Supplementary Materials
Data Availability Statement
We describe all datasets in the manuscript or its Supplementary Information. Genome Reference Consortium Human Build 38 can be accessed at https://www.ncbi.nlm.nih.gov/assembly/GCF_000001405.40/. Sequence data used in this study has been made publicly available in dbGaP Study Accession: phs001642.v1.p1 - Center for Common Disease Genomics [CCDG] - Autoimmune: Inflammatory Bowel Disease (IBD) Exomes and Genomes (https://www.ncbi.nlm.nih.gov/projects/gap/cgi-bin/study.cgi?study_id=phs001642.v1.p1).
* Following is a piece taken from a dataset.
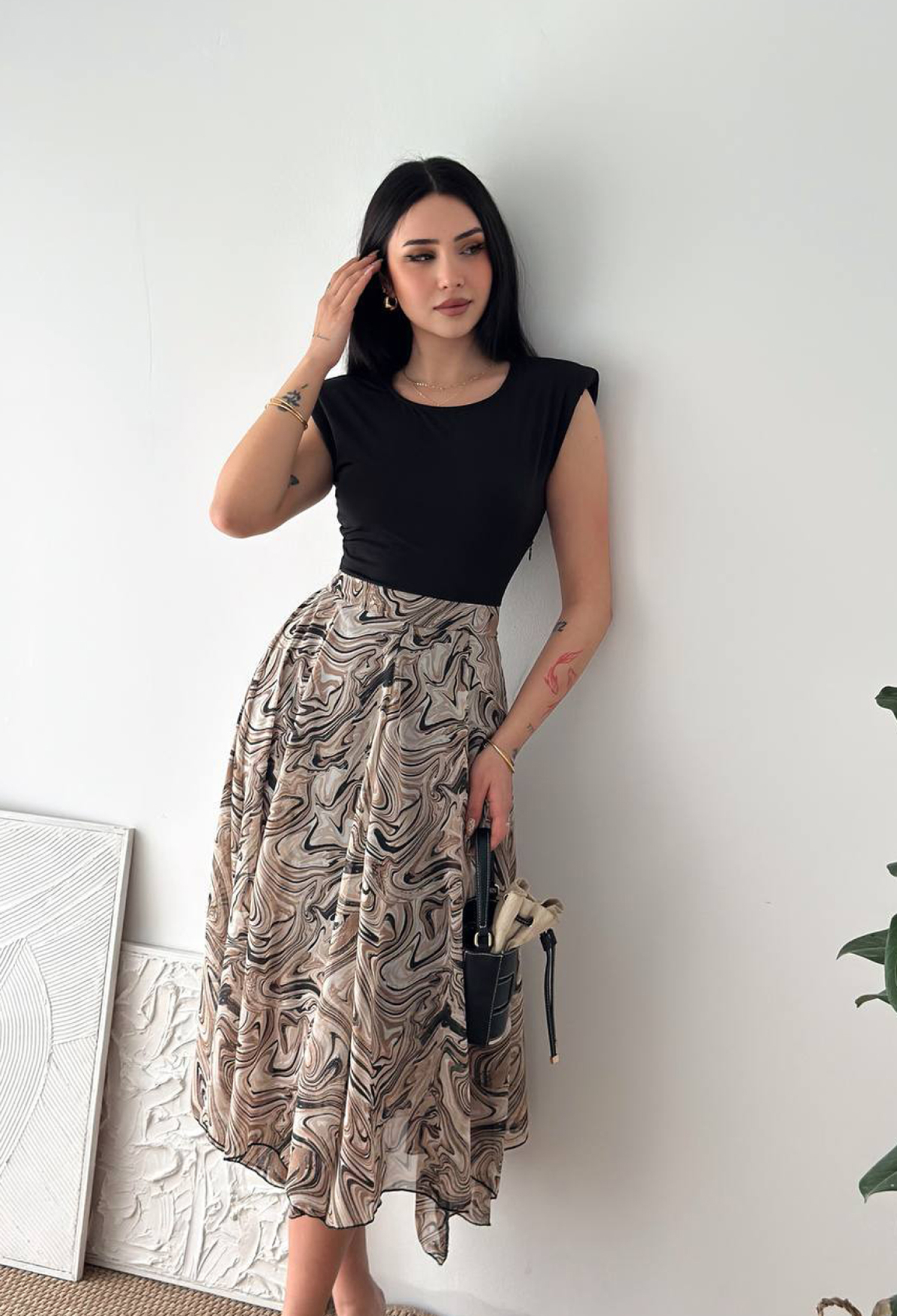 Black Fit And Flare Midi Dress With Cap Sleeves - Brand: Mode Roy - Women & Kids, Baby Clothes Wholesale - TheBS Women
The summary statistics of Nextera and Twist meta-analysis have been deposited on GitHub (https://github.com/iibdgc/Crohn-s-Disease-WES-meta) (10.5281/zenodo.6564928).
This research has been conducted using the UK Biobank Resource and controls made publicly available by dbGaP (phs001000.v1.p1, phs000806.v1.p1 - Myocardial Infarction Genetics Consortium (MIGen), phs000401.v1.p1 - NHLBI GO-ESP Project, phs000298.v4.p3 - Autism Sequencing Consortium (ASC), phs000572.v8.p4 - Alzheimer’s Disease Sequencing Project (ADSP), phs001489.v1.p1 - Epi25 Consortium, phs001095.v1.p1 - T2D-GENES) as well as additional controls from the 1000 Genomes Project, the Epi25 Collaborative, UK-Ireland Collaborators (A. McQuillin, D. Blackwood, A. McIntosh), and collaborators A. Pulver, H. Ostrer, D. Chung, M. Hiltunen, and A. Palotie (H2000 and SUPER cohorts) (Supplementary Table 1).